Oxford sadly lost him to Australia. Years later, in Melbourne, at a party for me as visiting lecturer, I was standing, probably rather stiffly, with a drink in my hand. Suddenly, a familiar figure shot into the room, in a hurry as ever. The rest of us were in suits, but not this familiar figure. The years vanished away. Everything was the same - though he must have been well into his sixties, he seemed still to be in his thirties - the glow of boyish enthusiasm , even the red sweater.
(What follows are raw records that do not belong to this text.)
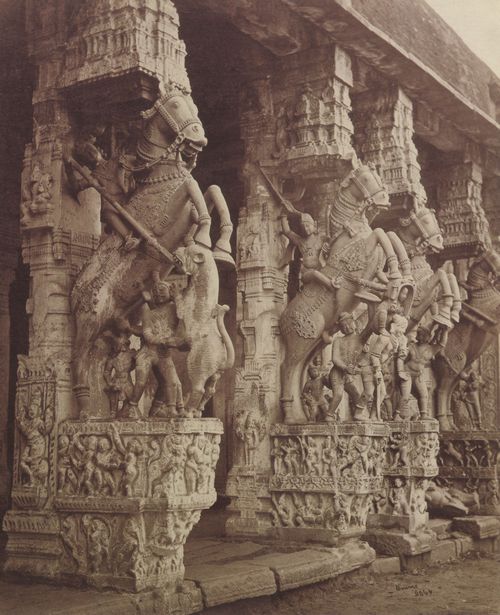 Bourne, Samuel: Skulpturen an der Fassade des Tempels von Trichinopoly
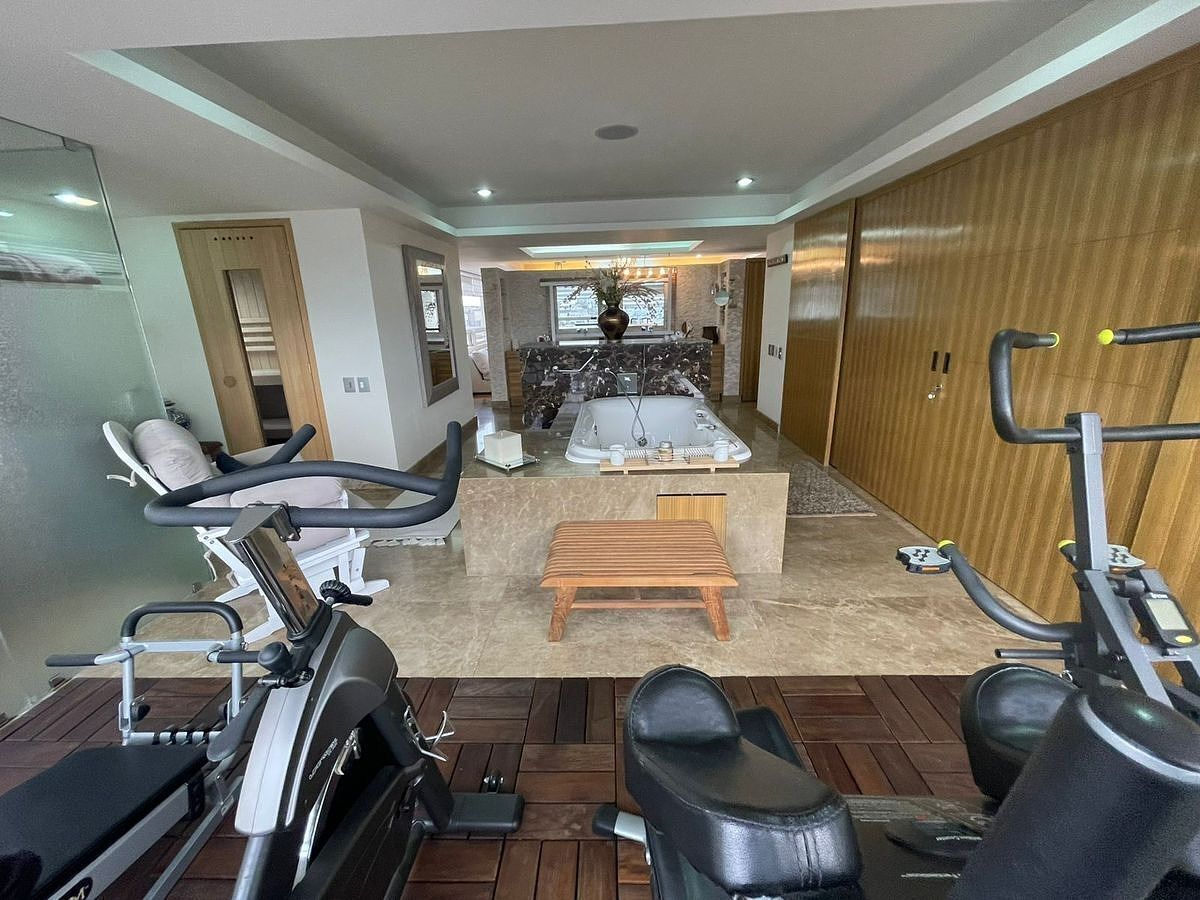 16 de 38: Jacuzzi - Sauna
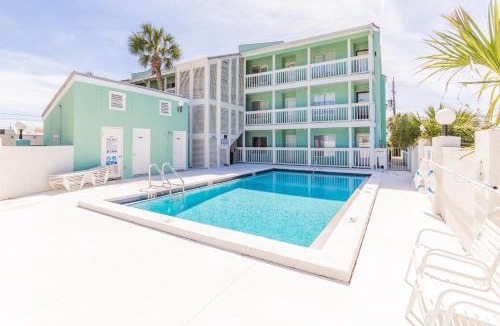 Laguna Beach Apartment | Emerald Shores #1001 Condo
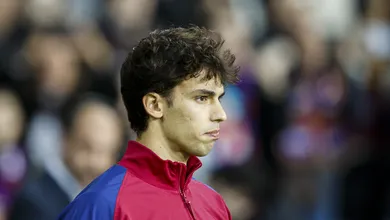 Barcelona anuncia sa&iacute;da de tr&ecirc;s jogadores, mas se arrepende minutos depois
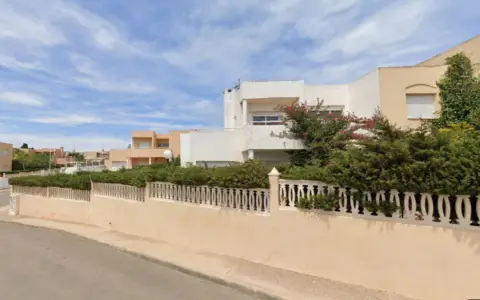 Chalet en Pasaje del Acantilado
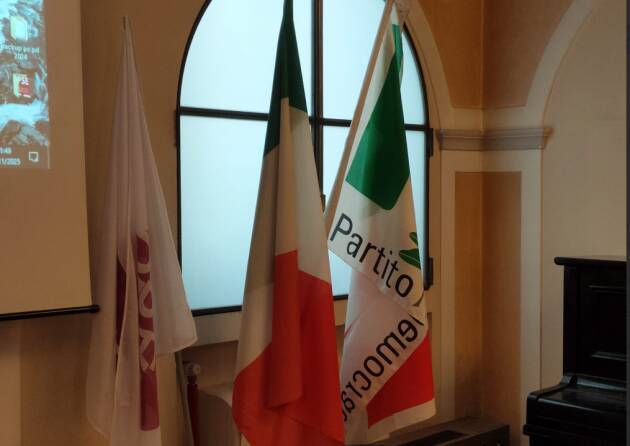 (CR) INSTALLATA MOSTRA FOTOGRAFICA SU 'ENRICO BERLINGUER' 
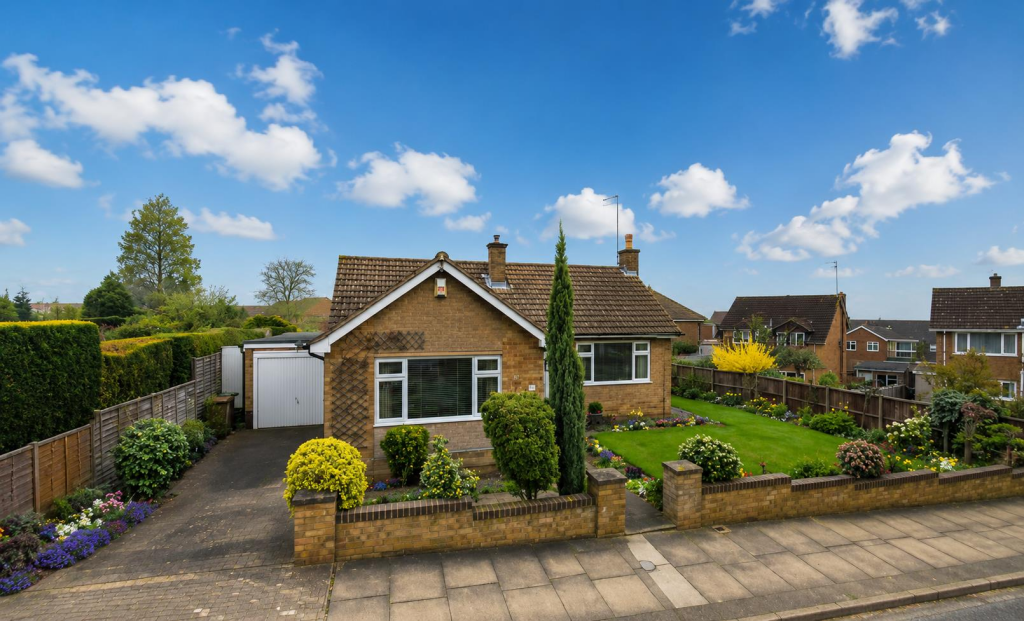 3-bed detached on Rushmere Crescent, Rushmere, Northampton NN1, £425,000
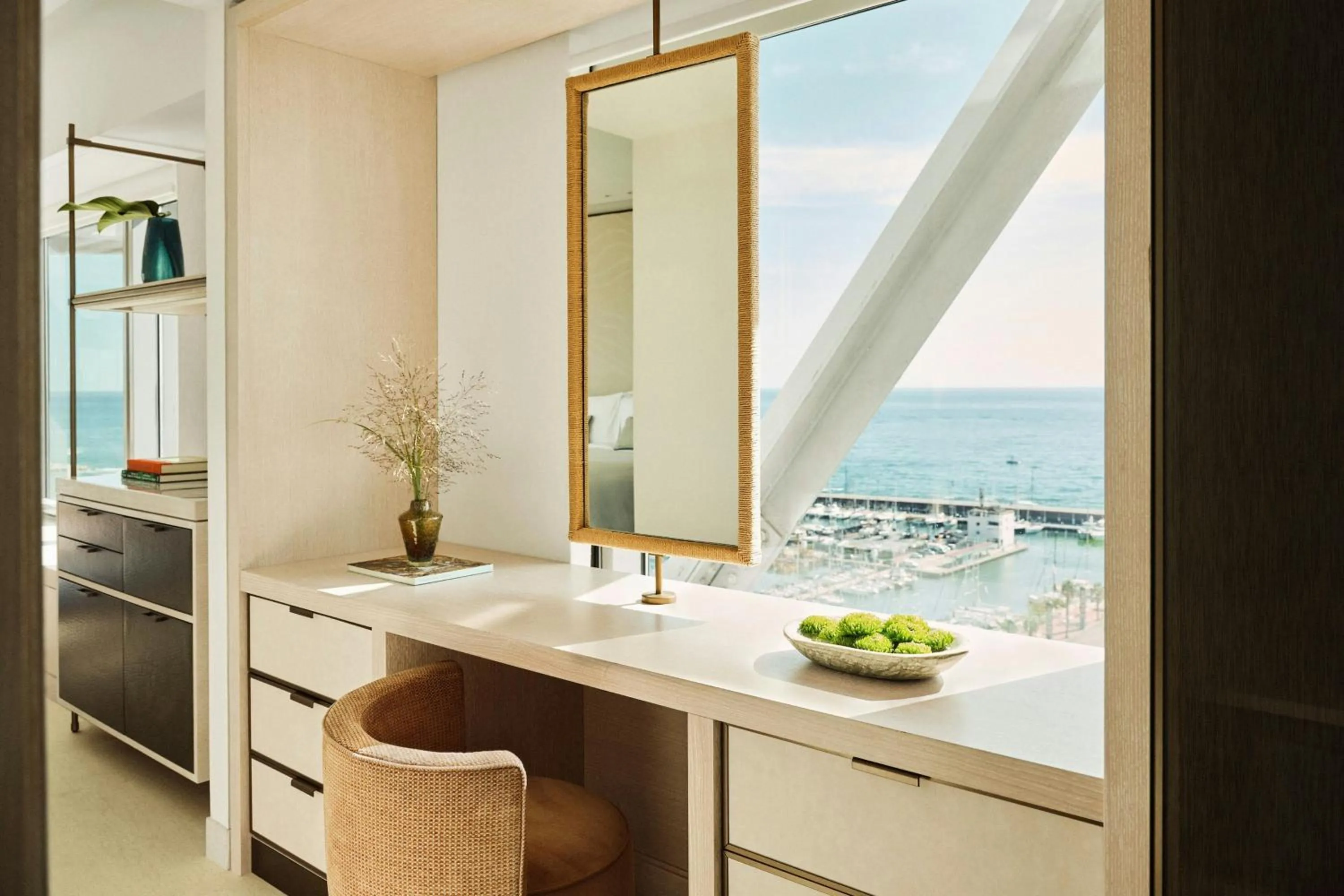 Photo of the whole room in Hotel Arts Barcelona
Next day he drove me to the coast to see his beloved penguins, stopping on the way to look at giant Australian earthworms, many feet long. We tired the sun with talking – not, I think, about old times and old friends, and certainly not about ambition, grant-getting and papers in Nature, but about new science and new ideas. It was a perfect day, the last day I saw him.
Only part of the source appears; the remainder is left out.